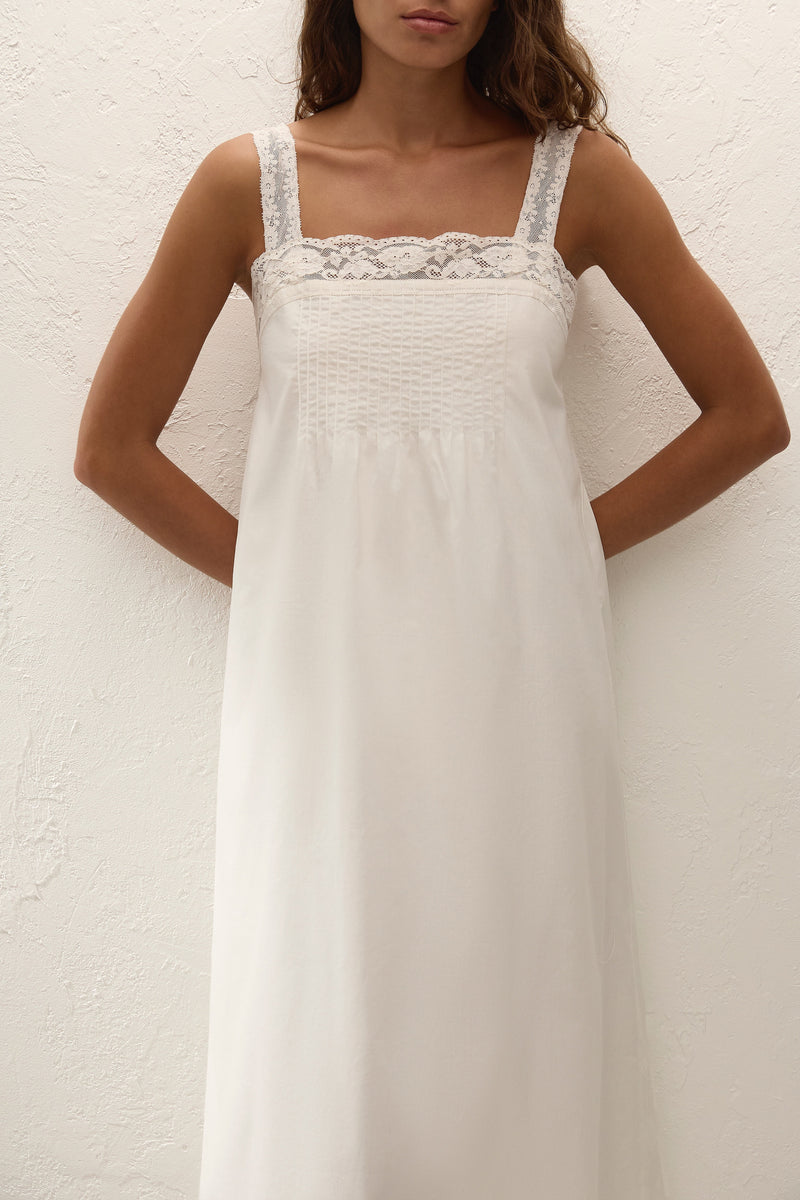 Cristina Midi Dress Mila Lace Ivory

...

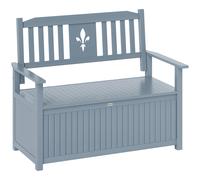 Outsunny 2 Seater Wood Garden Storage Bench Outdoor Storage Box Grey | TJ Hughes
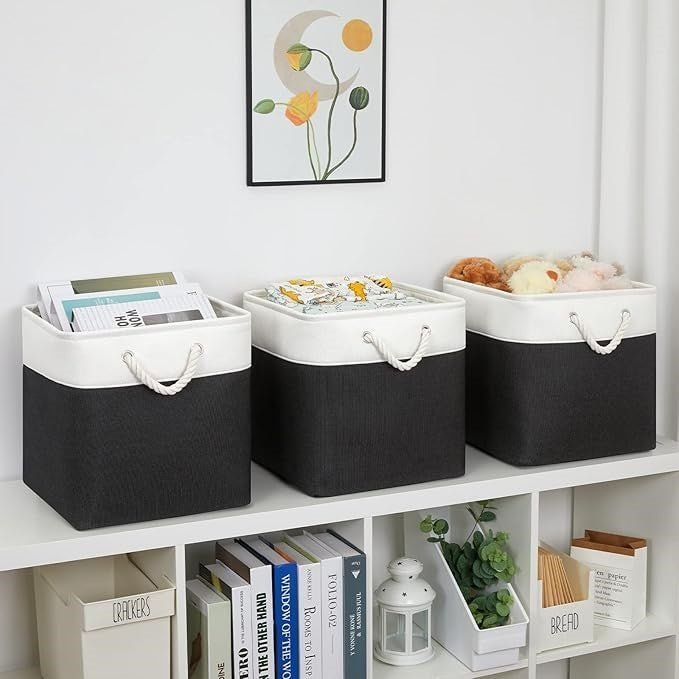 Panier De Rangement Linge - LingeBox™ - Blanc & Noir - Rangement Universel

What you need to do: In the listing above, find the line containing "Outsunny 2 Seater" and the line containing "Panier De Rangement". Print those two lines and every line between them exactly, with no pictures.

Final answer:
 Outsunny 2 Seater Wood Garden Storage Bench Outdoor Storage Box Grey | TJ Hughes
 Panier De Rangement Linge - LingeBox™ - Blanc & Noir - Rangement Universel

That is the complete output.